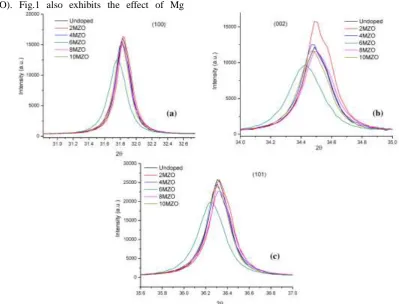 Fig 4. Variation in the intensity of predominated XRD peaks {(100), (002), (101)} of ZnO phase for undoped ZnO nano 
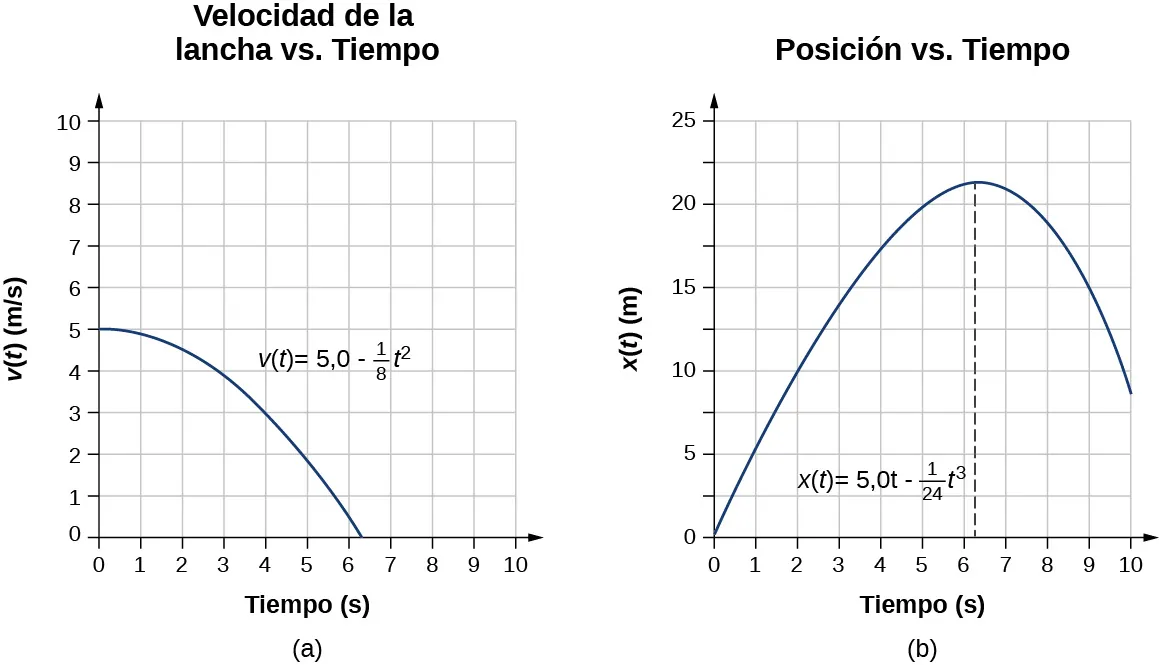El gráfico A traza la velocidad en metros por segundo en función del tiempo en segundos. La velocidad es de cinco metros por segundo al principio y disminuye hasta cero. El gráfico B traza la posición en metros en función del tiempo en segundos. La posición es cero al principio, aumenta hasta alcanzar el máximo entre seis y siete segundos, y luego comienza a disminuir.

━━━━━━━━━━━━━━━━━━━━

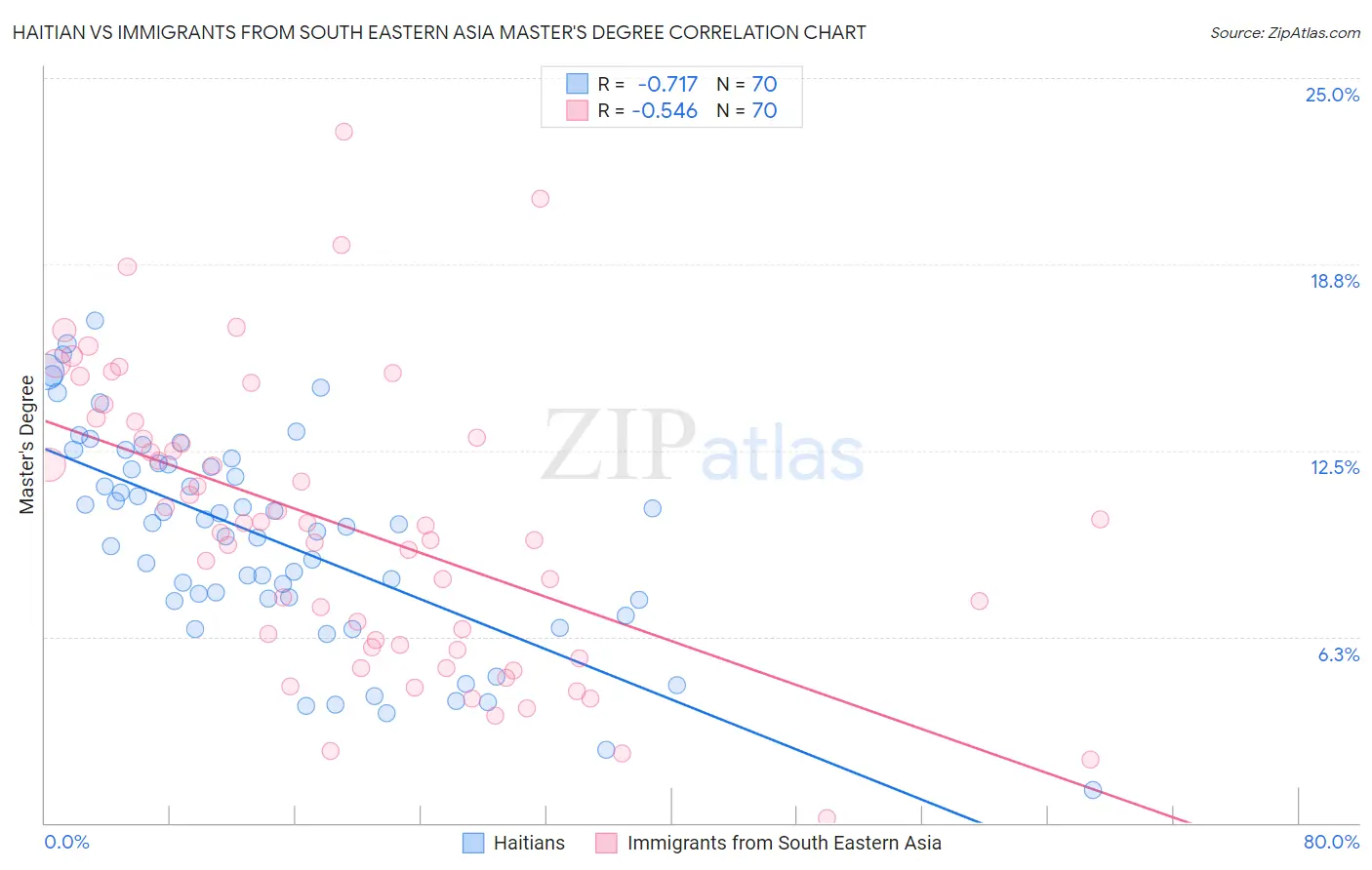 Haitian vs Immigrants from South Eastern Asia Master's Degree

━━━━━━━━━━━━━━━━━━━━

## TASK BRIEF
Within the entries above, the lines from the one containing "Fig 4. Variation" through the one containing "El gráfico A" are to be transcribed exactly, ends included, pictures excluded.

## OUTPUT
 Fig 4. Variation in the intensity of predominated XRD peaks {(100), (002), (101)} of ZnO phase for undoped ZnO nano 
El gráfico A traza la velocidad en metros por segundo en función del tiempo en segundos. La velocidad es de cinco metros por segundo al principio y disminuye hasta cero. El gráfico B traza la posición en metros en función del tiempo en segundos. La posición es cero al principio, aumenta hasta alcanzar el máximo entre seis y siete segundos, y luego comienza a disminuir.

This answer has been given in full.